9,EN.ATM.CO2E.PP.GD,CO2 emissions (kg per PPP $ of GDP)


### Country table
    - Country Code : Country's short code
    - Region : Which geographic region this country belongs to
    - Income Group: Which category this country falls in

### Series table
    - Indicator Name : Tells what series code's name is
    - Long Description: Describes the indicator name detail 

#### Step 5: Complete Project Write Up
* Clearly state the rationale for the choice of tools and technologies for the project:
    - I choose to use S3 to store and retreive my data, which performed really well. ETL processes occur in a write-once, read-many fashion and can produce many S3 objects that collectively are stored and referenced as a Parquet file. The Data is stored in Data lake which makes queryable at different patients. 
    - Spark is a general purpose distributed data processing and unified analytics big data engine. It lets us process big data faster by splitting the work up into chunks and assigning those chunks across computational resources. Since my dataset contained 5.6 Million rows, I needed some powerfull tool to process such huge data and query with it, Spark made my task easier because, of its high data querying advantage. Works really well with distributed data such as S3 seamless.  
* Propose how often the data should be updated and why.
    - This data holds the world's development details like every country's GDP, Population, Age Group, Teacher's in secondary education, Co2 emission etc.
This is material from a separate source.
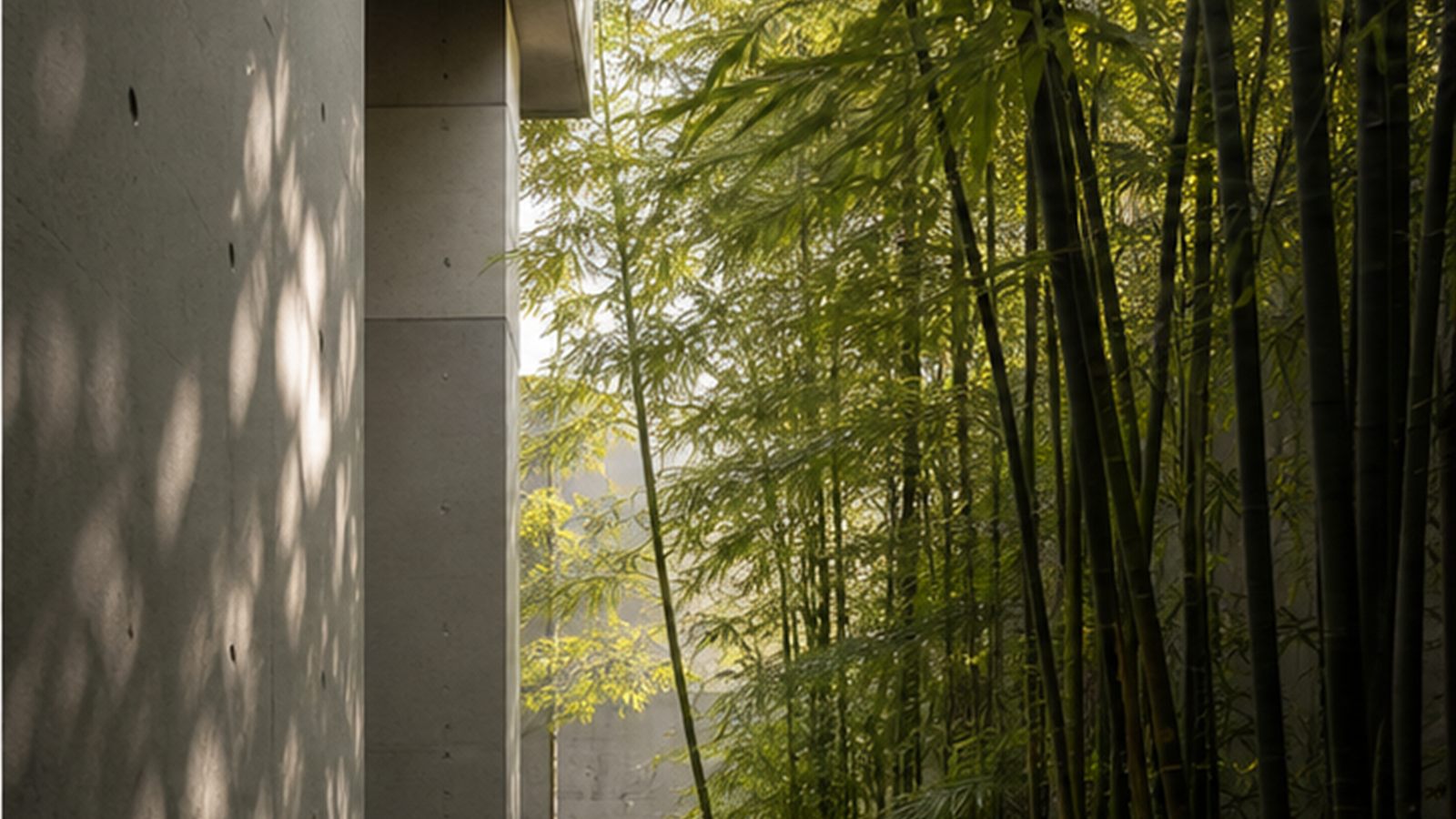竹影清水模庭院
So I feel this data should be updated on Bi-weekly or montly basis.
* Write a description of how you would approach the problem differently under the following scenarios:
 * The data was increased by 100x.
     - I would use MongoDB to store this data. Since it supports really well for text based data.
 * The data populates a dashboard that must be updated on a daily basis by 7am every day.
     - There are lots of information which can be used for this purpose using Worlds Development indicator data. I would use scheduler to automatically update for me.
 * The database needed to be accessed by 100+ people.
     - S3 would still hold better, becuase AWS provides massive scalable cloud storage.The data is distributed accross data centers. Amazon claims "you could scale your read performance to 55,000 read requests per second." it also handles errorst and has no impact on downstream users who might be querying the data from S3.